The eternal debate
The internet is full of audiophiles who swear by the superiority of wired. Then there are those who cut the cord in 2016 and never looked back. Both camps are partly right – and partly wrong.
The answer depends on what you do with your headphones. Not what some Reddit user does with theirs.
Everyday life speaks in favour of wireless
Most people listen to music on their phone. On the bus, at the office, on a run, at the shops. In all these situations, a cable is just in the way. It snags on door handles, yanks the headphones off your head, and ties itself into a mysterious knot in your pocket that requires the patience and fine motor skills of a bomb disposal technician.
Modern Bluetooth (5.0 and newer) is good enough. The sound quality is more than sufficient for streaming on Spotify and Apple Music. The latency is so small you won't notice it during calls or videos. Gaming can be a different story – but there are solutions for that too.
All of our headphones – the VMK series over-ears and the NL series earbuds – are wireless. This is not a coincidence. It's a deliberate choice, because 95 percent of our customers use them in everyday life, not in a studio.
When the cable wins
In the interest of honesty: a wired connection is technically superior. An uncompressed signal travels through the cable, so in theory the sound quality is better. There's zero latency.
If you:
- mix music in a studio
- play competitive games where milliseconds matter
- listen to FLAC files through a €3,000 DAC
...then wired is the better choice. But you know what? In that case, you're probably not buying consumer headphones – you're buying studio gear.

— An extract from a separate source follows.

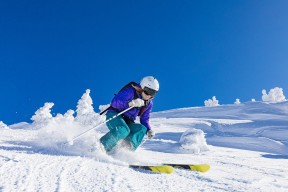 爱游戏在线登录-“跑出速度与激情！SHO-CHAN Run 2025吸引全球目光”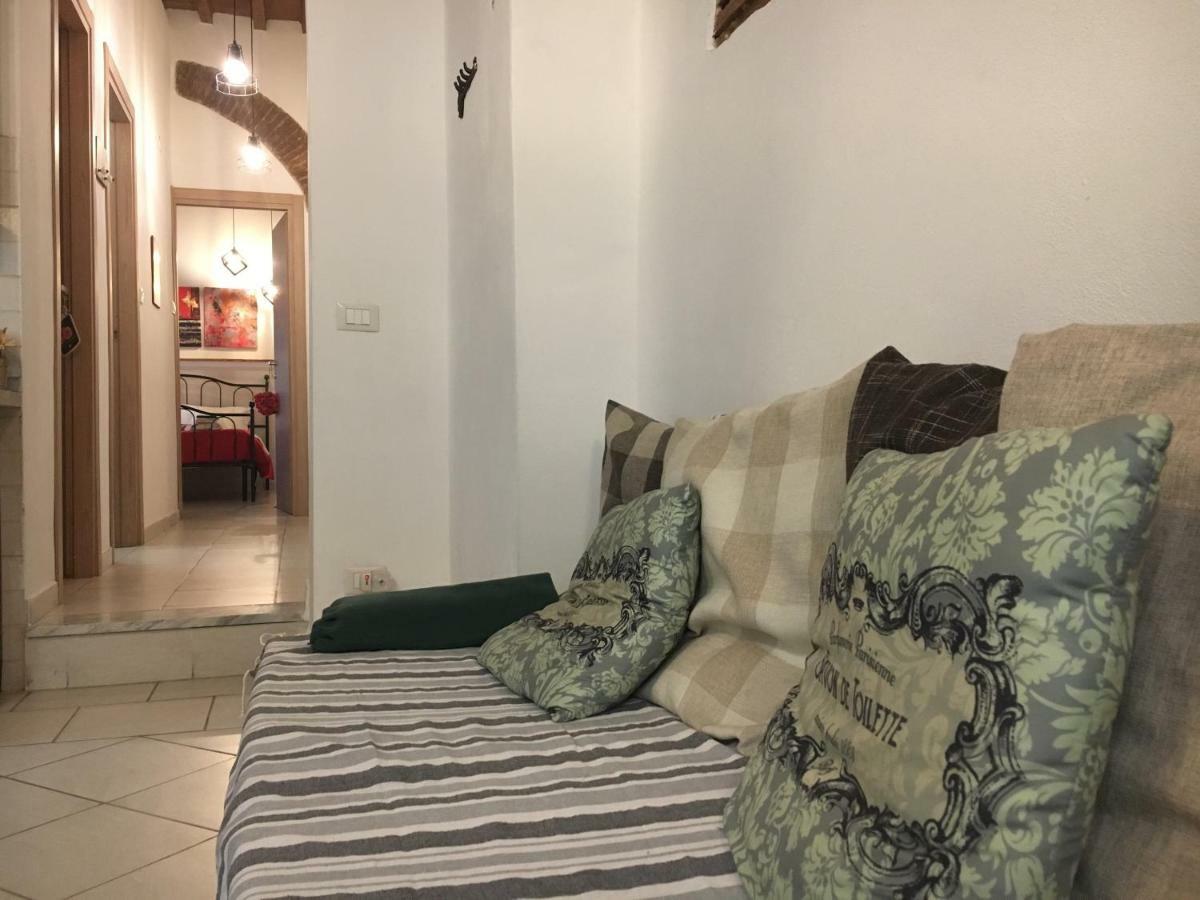 Апартаменти New Maria'S House Livorno. Il Cisternone Екстер'єр фото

By the way, the VMK series headphones have an AUX input. So you can use them with a cable too, if the battery dies or you want to test the difference. Spoiler: most people can't hear it.
But what about the sound quality, really?
Here's the thing. Bluetooth codecs (aptX, AAC, LDAC) have improved massively. The gap to wired has narrowed so much that you can only reliably hear it in controlled blind tests, in a silent room, with expensive equipment.
On the bus, the difference between Bluetooth and a cable is zero. Zero. Tyre hum, engine noise, and the phone conversation of the bloke sitting next to you drown out everything. That's why ANC is a far more significant factor than whether the signal travels through a wire or through the air.
Jasse – our sound engineer, whose ears are literally insured – tunes every model so that the Bluetooth audio is the best it can possibly be. He doesn't compromise. Henri's Alfa Romeo compromises (mainly on reliability), but Jasse doesn't.
Summary
Wireless is the better choice if you use headphones in normal everyday life. Wired is better if you do professional audio work or you're that guy at parties who lectures everyone about the superiority of vinyl.
We make headphones for that 95 percent. And that money goes towards building the Death Star, so thanks in advance.